Notizbuch: Käthe in Gefahr

24 05 2017

Donnerstag, 25. Mai 2017

Schon das Gebäudeensemble ist ein Gedicht. Das „Wintergartenensemble“ in der vornehmen Berliner Fasanenstraße sind drei durch einen Garten verbundebne Stadtvillen im Stil des Historismus: rechts das Literaturhaus [1889/90 errichtet], links die Villa Grisebach [1891/92] und in der Mitte das Käthe-Kollwitz-Museum [1871, 1888 aus- und umgebaut]. Das Käthe-Kollwitz-Museum ist eines der schönsten der 175 Museen der Stadt. Jetzt ist es in Gefahr.

Asche auf mein Haupt. Seit über 30 Jahren existiert das Käthe-Kollwitz-Museum – und ich, eigentlich ein Museums-Renner, war noch nie dort. Als ich jetzt im „Tagesspiegel“ las, dass das Museum in Gefahr ist, habe ich es sofort besucht. Und ich bin begeistert.

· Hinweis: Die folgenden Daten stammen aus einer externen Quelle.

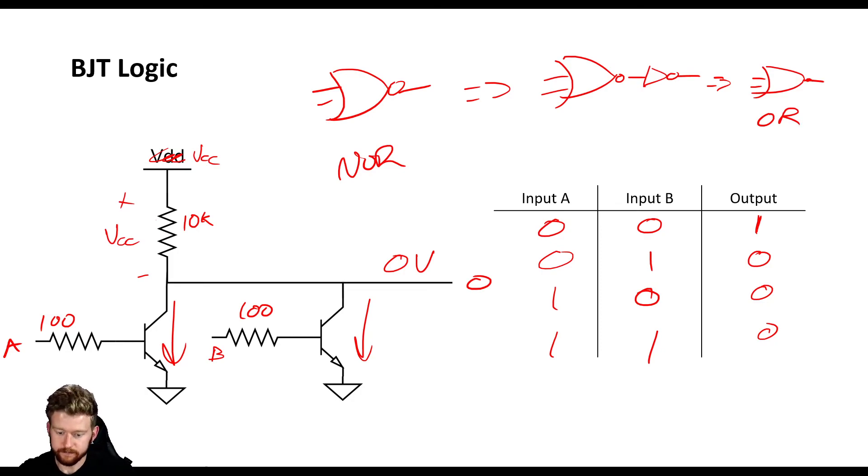Even though we can make these logic circuits with BJTs, they just don't perform as well as logic circuits with MOSFETs, because now we have to worry about input currents, voltage drops, and we end up needing more components. So if you have the option, I would suggest doing logic circuits and any sort of switching with MOSFETs. But if you only have BJTs, it's still important that you know how to implement them and make sure that your devices are protected. If you have any questions, please feel free to leave them in the comment section below. If you like this content, please give me a thumbs up and subscribe to see more.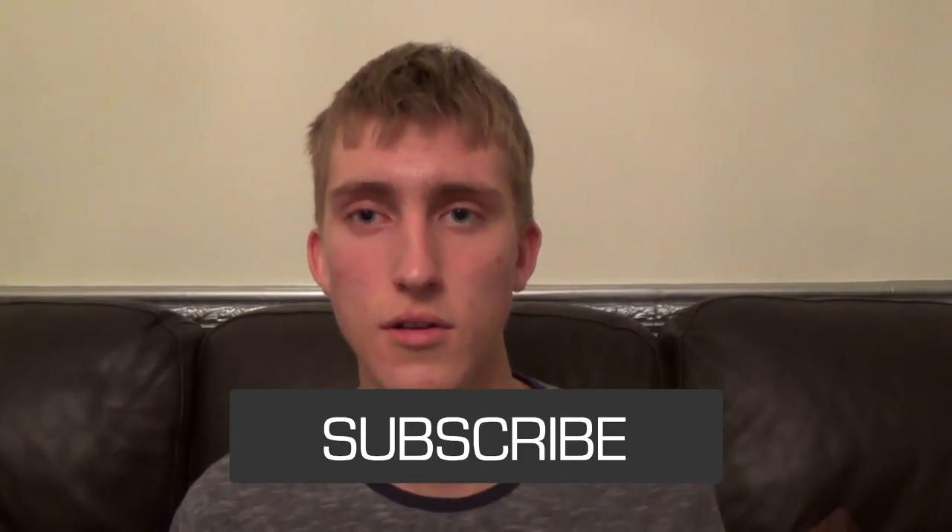That's basically it for the unboxing. Thanks for watching — I've got my full review coming next Saturday where I'll cover all the details: what I think of the device, what it supports, charging times, and everything like that. If you enjoyed this video give it a like, subscribe for more content, and check out the Twitter and Instagram links in the description below. I'll see you all in the next video.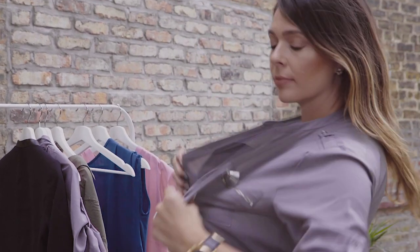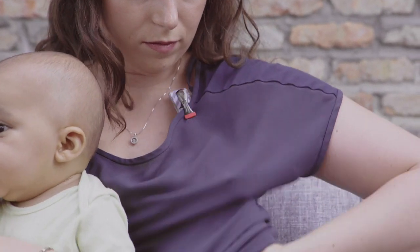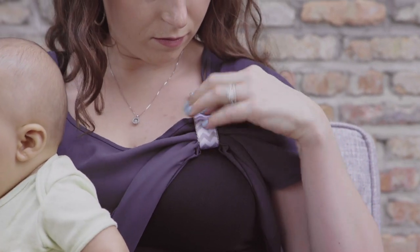Wear any shirt and a cami if you like. Secure the LatchPow clip on your collar. Lift your shirt when you're ready to breastfeed.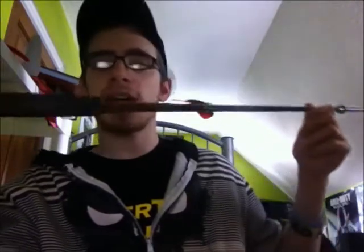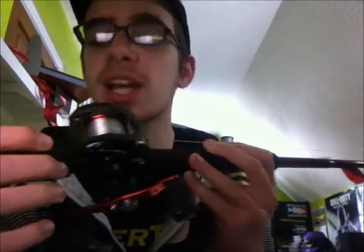For the reel I'll be using, I have the Abu Garcia Black Max version 2 — the 2nd edition. I got this for Christmas, and I will probably be doing a review on this after I fish with it, so I can give you guys an idea of how it works and what the pros and cons are.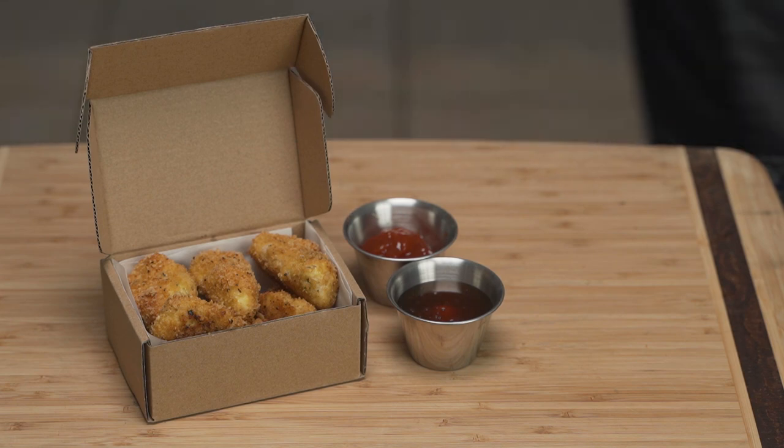If you liked this video, share, like, and subscribe — make sure to comment below. And until next time, eat well.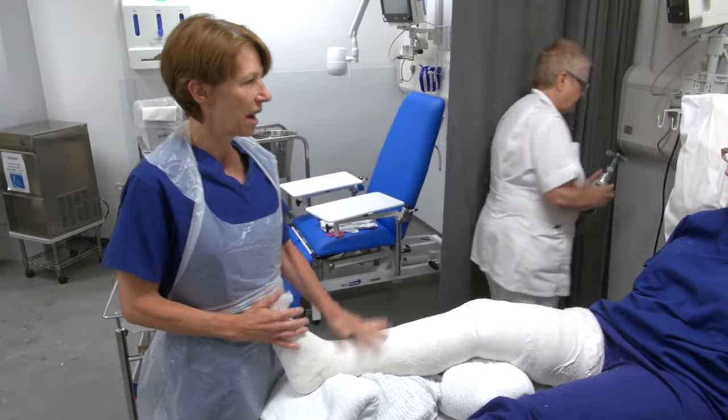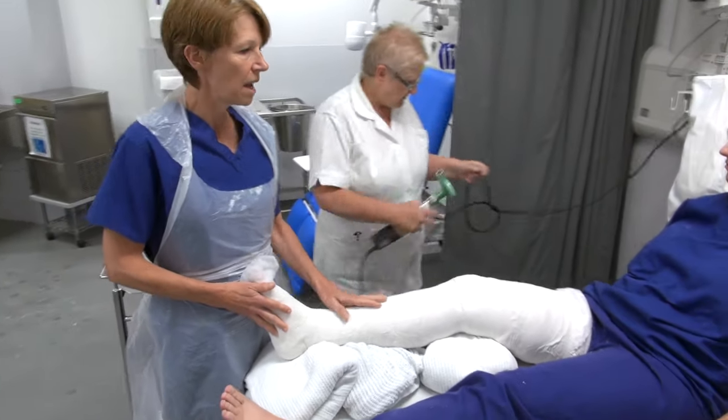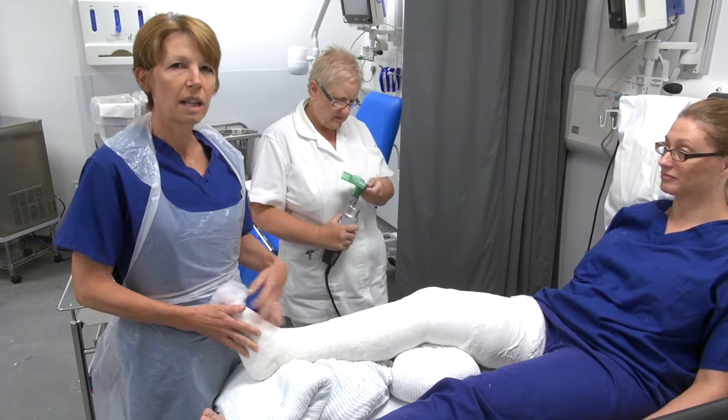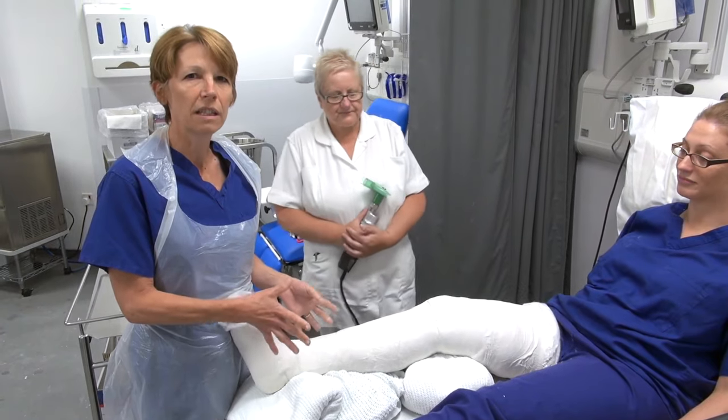So we're back again after a little break — this plaster has now been on for about an hour and had a chance to harden off. The aim now is to split it before the patient goes to the ward. This will allow, if any swelling takes place, that the circulation will not be restricted at all.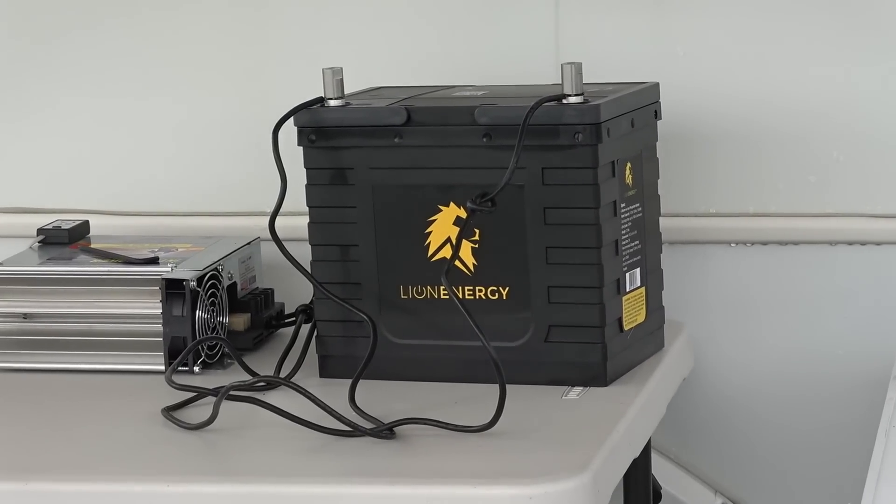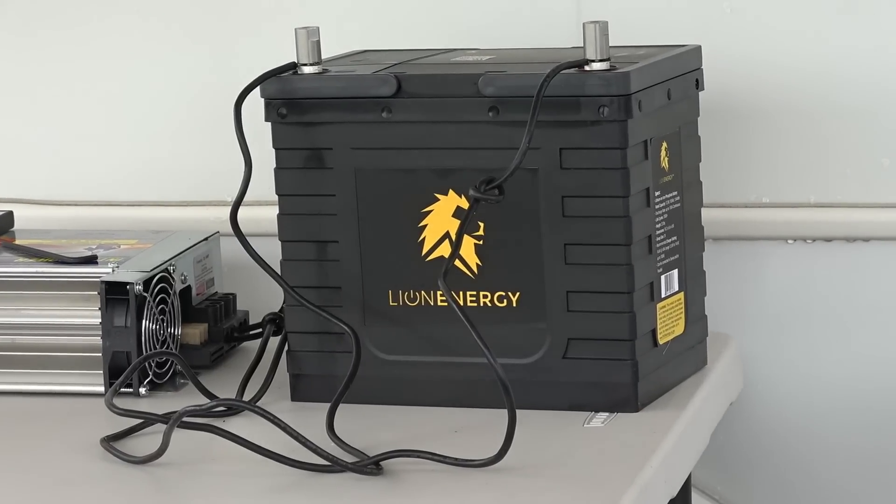Until next time, Ray from loveyourrv.com. Thanks for watching folks, cheers!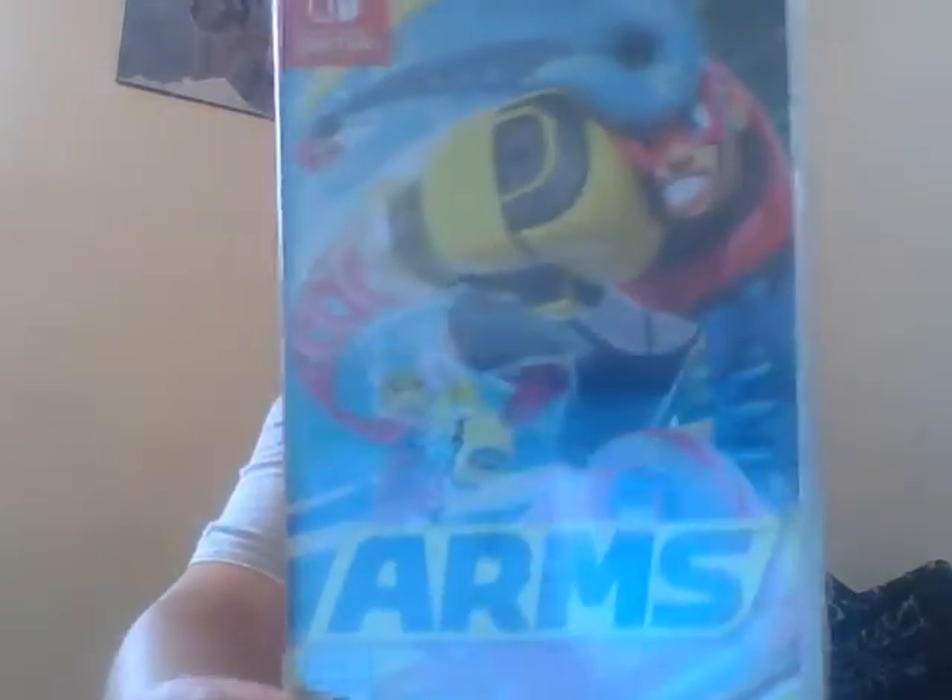It's going to be on ARMS for the Switch as usual. Here's the front, the side, the back. The game is rated E for everyone, E10. TV 1-4, supports 1-4 Joy-Cons and 1 for the Switch. It's also online.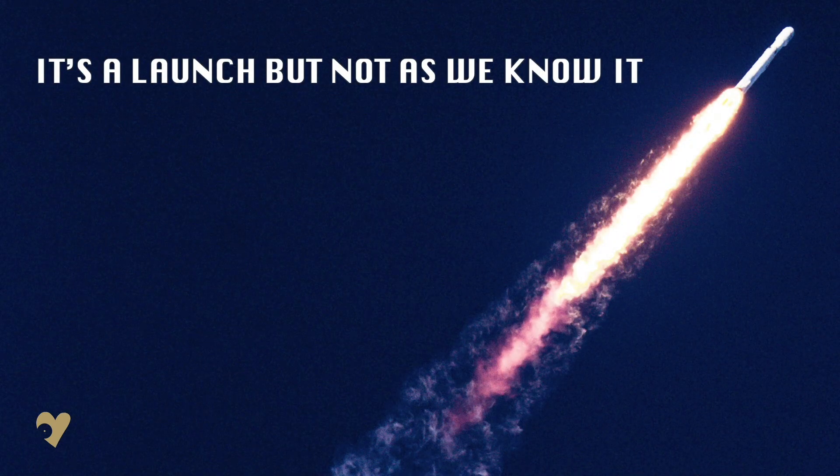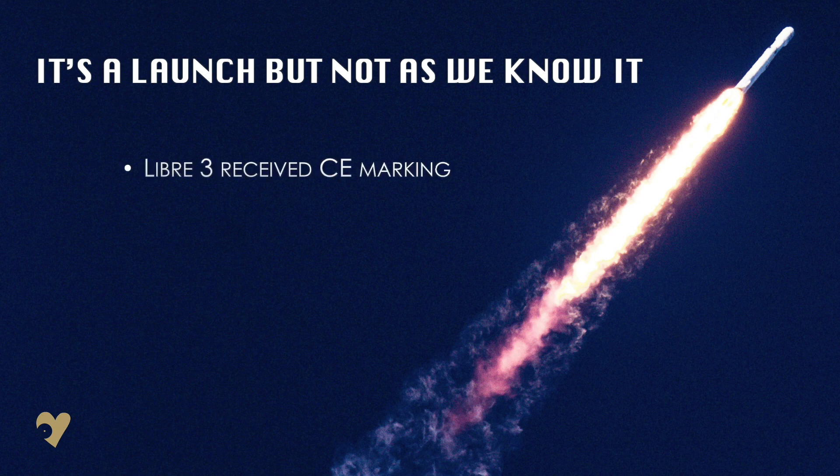Last month, Abbott announced that the Libra 3 has received a CE marking. This means that it meets all the EU requirements and is set to launch in some European countries in the near future.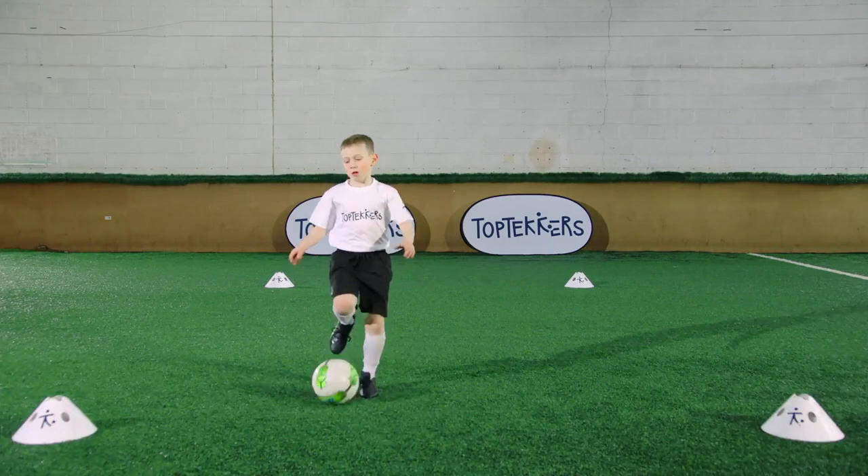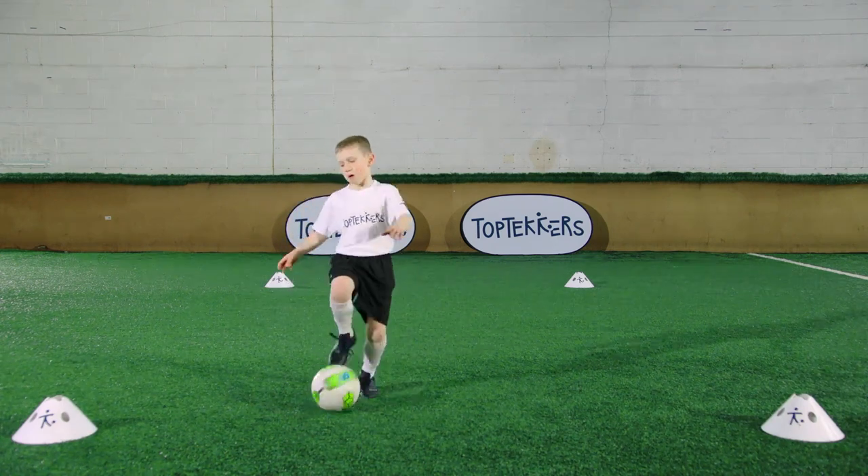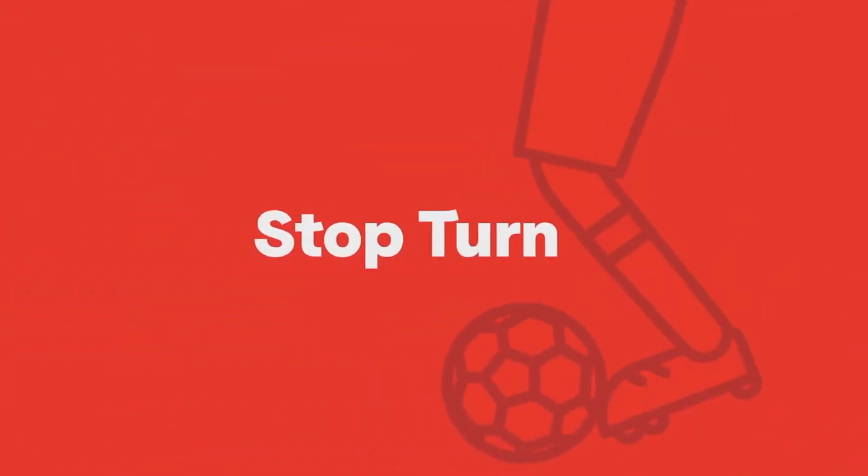Want to change direction quickly with the ball? This Top Techers is the stop turn and is a really fast turn. You need a safe area and a ball.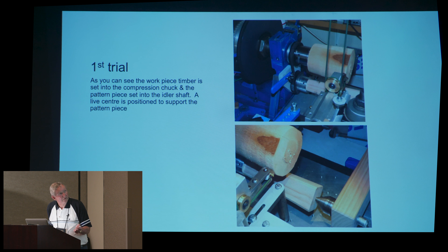This is just a work piece set into the top chuck — or compression chuck, if you want to call it that — and the pattern piece, which in this case is just a square tapered block, and that's on the idler shaft. I've attached the live centre there just to support the pattern shaft because of the pressure associated with the possible length of it.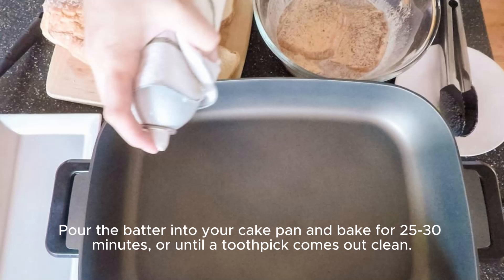Pour the batter into your cake pan and bake for 25 to 30 minutes, or until a toothpick comes out clean.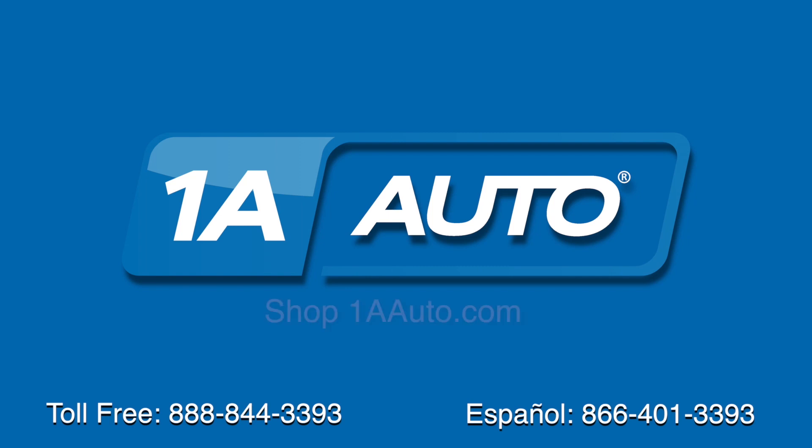Thanks for tuning in. We hope this video helped you out. Next time you need parts for your car, please visit 1AAuto.com. Also check out our other helpful how-to as well as diagnosis videos.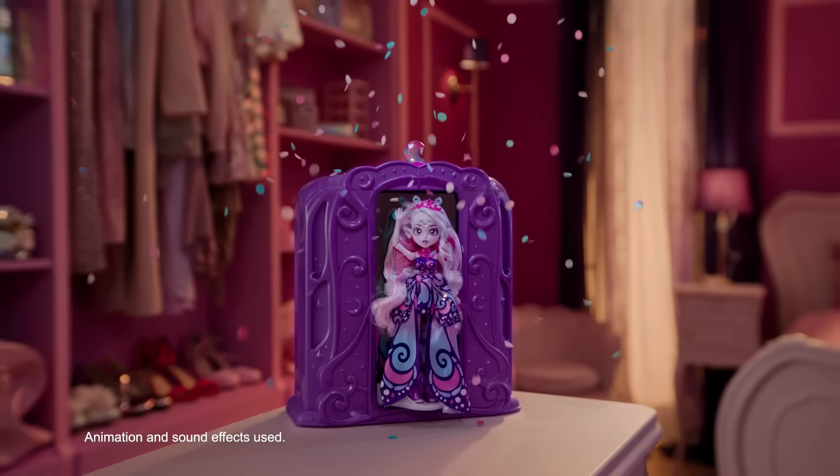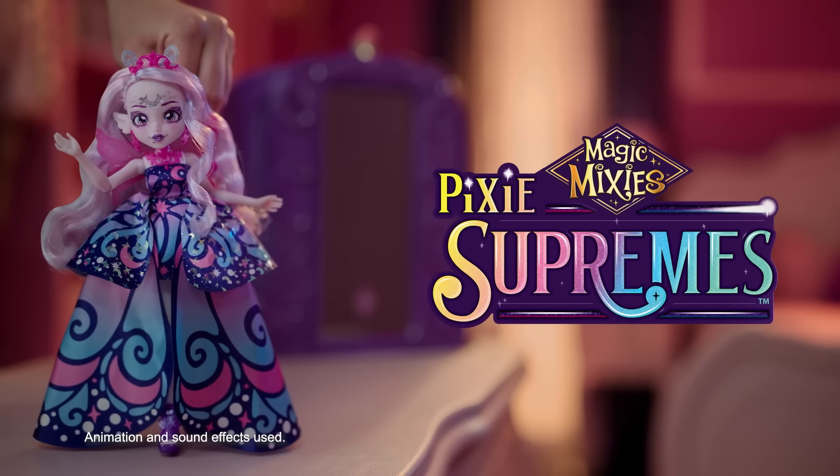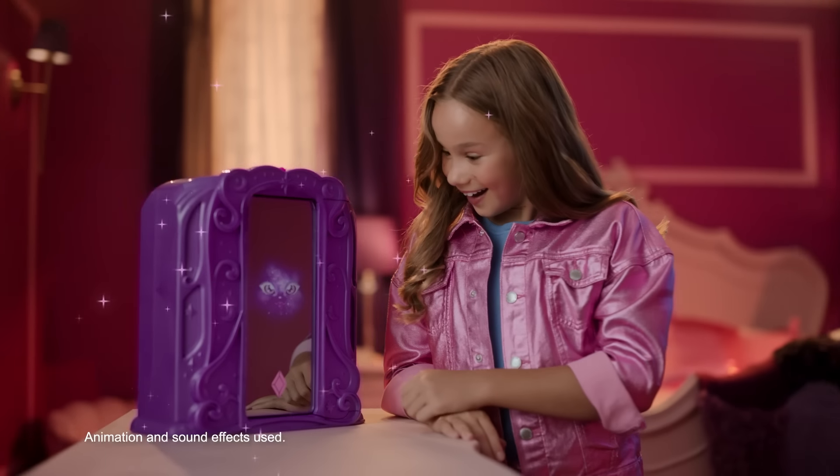Unlock the magic in style. New Magic Mixies Pixies Supremes. I'm trapped in this mirror — can you set Luna free?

Ein Garten mit Skulpturen verbindet die Häuser des „Wintergartenensembles“. Oben: Blick vom Käthe-Kollwitz-Museum hinüber zur Garten-Gastronomie des Literaturhauses

Zum Hintergrund: In Berlin ist ein Exilmuseum im Gespräch. Dazu schreibt der „Tagesspiegel“: Das in Rede stehende Exilmuseum hat einen schweren Geburtsfehler. Ab 2019 soll es in der Fasanenstraße eingerichtet werden, bei der Villa Grisebach. Dafür müsste das private Käthe-Kollwitz-Museum weichen, das dort seit 30 Jahren untergebracht ist. Das Haus gehört der „Stiftung Bernd Schultz in Erinnerung an Hans Pels-Leusden“. Schultz, der ehemalige Kunsthändler, gehört zu dem Kreis, der das Exilmuseum plant. Die Kunst der Pazifistin Käthe Kollwitz vertreiben, um Platz für Künstler aus dem Exil zu schaffen – das wäre eine grobe Geschmacklosigkeit.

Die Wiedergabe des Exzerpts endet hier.